Когда он ушел, толпившиеся внизу соседки срочно принялись выяснять, что он принес нам в подарок. Однако подарков, к общему негодованию, не было. А тем, кто особенно возмущался, мать дала категорическое разъяснение: «Есенин подарков детям не делает. Говорит, что хочет, чтобы любили и без подарков». И, пожалуй, они были правы. Впрочем, мать не придерживалась этого правила и часто баловала нас подарками.

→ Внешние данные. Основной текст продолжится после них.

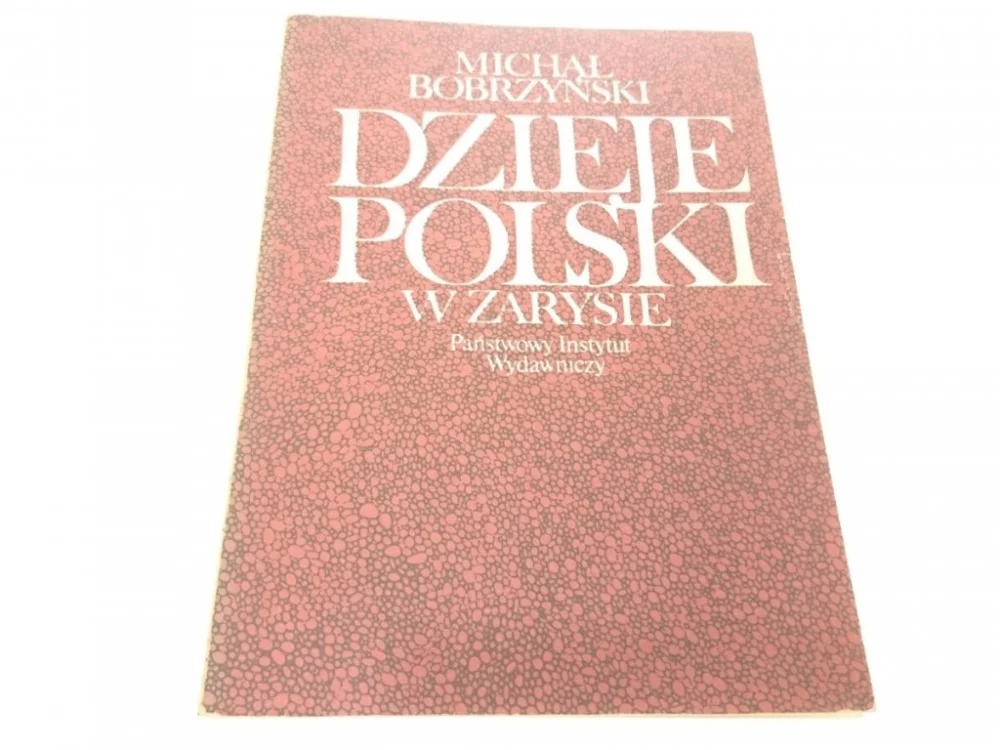 Taniej DZIEJE POLSKI W ZARYSIE - Michał Bobrzyński 1986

Четко осталась перед мысленным взором сцена, когда в нашей столовой между отцом и матерью происходил энергичный деловой разговор. Он шел в резких тонах. Содержания его я, конечно, не помню, но обстановка была очень характерная: Есенин стоял у стены, в пальто, с шапкой в руках. Говорить ему приходилось мало. Мать в чем-то его обвиняла, он защищался. Мейерхольда не было. Думаю, что по инициативе матери. Несколько лет спустя, прочитав строки:
я наивно спросил маму: «А что, это о том случае написано?» Мать улыбнулась. Вероятнее всего, характер разговора, его тональность были уже как-то традиционны при столкновении двух таких резких натур, какими были мои отец и мать.
В памяти сохранилось несколько сцен, когда отец приходил посмотреть на нас с Таней. Как все молодые отцы, он особенно нежно относился к дочери. Таня была его любимицей. Он уединялся с ней на лестничной площадке и, сидя на подоконнике, разговаривал с ней, слушал, как она читает стихи.
Домочадцы, в основном родственники со стороны матери, воспринимали появление Есенина как бедствие. Все эти старики и старушки страшно боялись его — молодого, энергичного, тем более что, как утверждала сестра, по дому был пущен слух, будто Есенин собирается нас украсть.
Таню отпускали на «свидание» с трепетом. Я пользовался значительно меньшим вниманием отца. В детстве я был очень похож на мать — чертами лица, цветом волос. Татьяна — блондинка, и Есенин видел в ней больше своего, чем во мне.
Последний приход отца, как я уже сказал, состоялся за несколько дней до рокового 28 декабря. Этот день описан многими. Отец заходил к Анне Романовне Изрядновой, еще куда-то. Уезжал в Ленинград всерьез. Наверное, ехал жить и работать, а не умирать. Зачем иначе ему было возиться с огромнейшим, тяжеленным сундуком, набитым всем его скарбом. Это деталь, по-моему, существенная.
Отчетливо помню его лицо, его жесты, его поведение в тот вечер. В них не было надрыва, грусти. В них была какая-то деловитость… Пришел проститься с детьми. У меня тогда был детский диатез. Когда он вошел, я сидел, подставив руки под лампочку, горевшую синим светом, которую держала няня.
Отец недолго пробыл в комнате и, как всегда, уединился с Татьяной.
Хорошо помню дни после сообщения о смерти отца. Мать лежала в спальне, почти утратив способность реального восприятия. Мейерхольд размеренным шагом ходил между спальней и ванной, носил воду в кувшинах, мокрые полотенца. Мать раза два выбегала к нам, порывисто обнимала и говорила, что мы теперь сироты.
Но в детстве смерть близких воспринимают своеобразно. Верят на слово тому, что человека больше не увидят, но как это может быть — еще не осознают. Так и мы с сестрой. Помню, что тоже плакали, но, наверное, из-за того, что плакала мама. Потом был Дом печати (ныне — Центральный дом журналистов), Таня читает стихи… Какие-то тетеньки и дяденьки поочередно подходят и что-то говорят с сочувствием. Еще непонятный мир: Ваганьковское кладбище. Деловитые, краснощекие могильщики. Земля, что заставили кинуть в яму детской рукой. И где-то без логической связи — настольная лампа в маминой спальне. Бутылка вина. Мать как-то спокойнее, тише. Говорит, что завтра — Новый год. Ее младшая сестра — наша тетка Александра Николаевна — куда-то собирается на встречу этого Нового года.
Вот, пожалуй, и все, что я помню сейчас. Возможно, кое-что еще сохранялось в памяти в больших подробностях, когда мне было 20, 25, 30 лет. Как-то я записал все, что помнил. Но записи эти затерялись где-то в моих домашних архивах.
Конечно, позднее я неоднократно расспрашивал мать об отце. Она рассказывала сдержанно. Не раз разговаривал об отце с Софьей Андреевной Толстой. Она принимала меня довольно тепло. Просила прочесть стихи, которые я в то время изредка писал.
Много рассказывала об отце и матери, об их продолжавшихся, несмотря на разрыв, встречах большая подруга матери Зинаида Вениаминовна Гейман. Когда она умерла, оказалось, что после нее остались толстые тетради дневниковых записей. В этих записях довольно много о Есенине и Райх, об их жизни в 1918 году.